3        In the absence of any reply by the Commission, the applicant sent, by letter of 13 April 2010, a confirmatory application within the meaning of Article 7(4) of Regulation No 1049/2001.

4        By letter of 29 April 2010, the Commission granted partial access to some of the requested documents.

5        By confirmatory application of 21 May 2010, the applicant challenged the fact that some paragraphs of certain documents had been deleted and that some annexes had been withdrawn, whereas those documents had been sent to third parties in their entirety.

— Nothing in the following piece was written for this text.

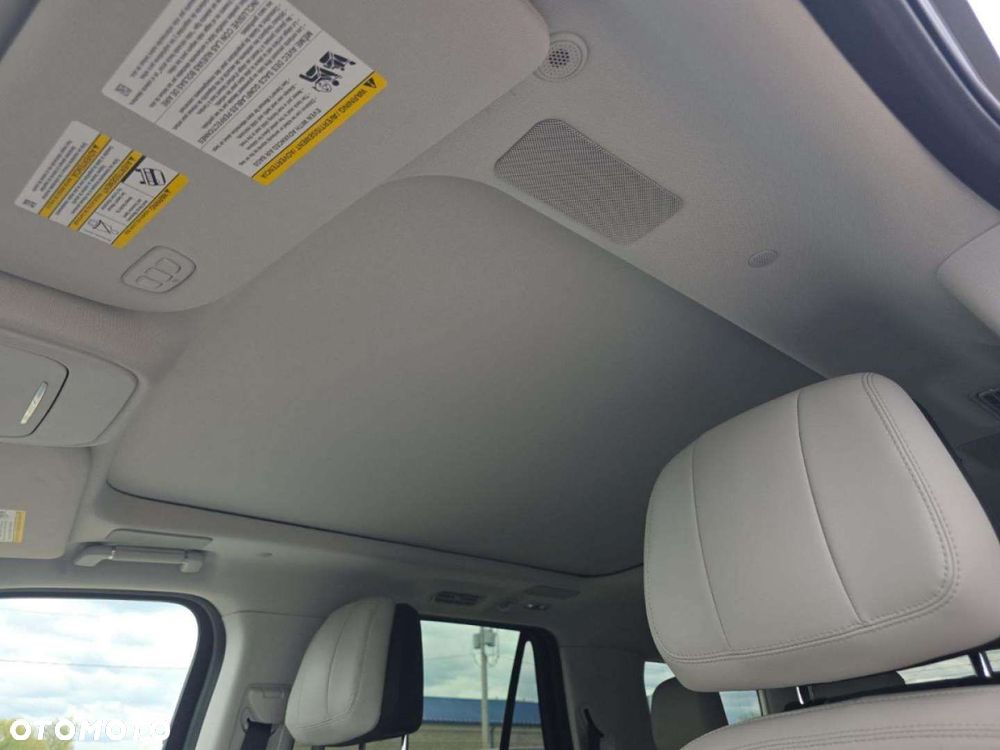 Lincoln Navigator - 12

The applicant accordingly requested the Commission to reconsider its position concerning partial access to the requested documents by transmitting those documents to it without deletions or omissions.

6        By letter of 21 June 2010, the Commission informed the applicant that, in accordance with Article 8(2) of Regulation No 1049/2001, it would defer its reply until 12 July 2010, on the ground that it had not been able to gather all the elements needed to carry out a full analysis in order to take a final decision.

7        By letter of 12 July 2010, the Commission informed the applicant that it had still not taken a final decision.

 Forms of order sought by the parties

8        In the application, the applicant claims that the Court should:

–        annul the implied Commission decision refusing to grant the applicant access to the documents requested in its confirmatory application of 21 May 2010;

–        order the Commission to pay the costs.

9        In the defence, the Commission contends that the Court should:

–        dismiss the application as devoid of purpose;

–        rule on the costs.

 Law

10      By its application seeking a declaration that there is no need to adjudicate, the Commission raises a preliminary issue on which, according to Article 114(3) of the Rules of Procedure of the Court, a decision should be made without opening the oral procedure, since the Court considers that it has sufficient information on the basis of the documents before it.

11      The present action concerns an application for annulment of the Commission’s implied decision refusing to grant access to the documents requested in the applicant’s confirmatory application of 21 May 2010.

12      However, after the present action was brought, the Commission, on 6 December 2010, adopted an express decision in reply to the confirmatory application of 21 May 2010.

13      The applicant considers, in its observations lodged at the Registry of the Court on 16 December 2010 in response to the Commission’s defence in which it seeks a declaration that there is no need to adjudicate, that the consequence of the adoption of the abovementioned express decision is that the present action has become devoid of purpose, meaning that the applicant has no objections to the Commission’s application for a declaration that there is no need to adjudicate.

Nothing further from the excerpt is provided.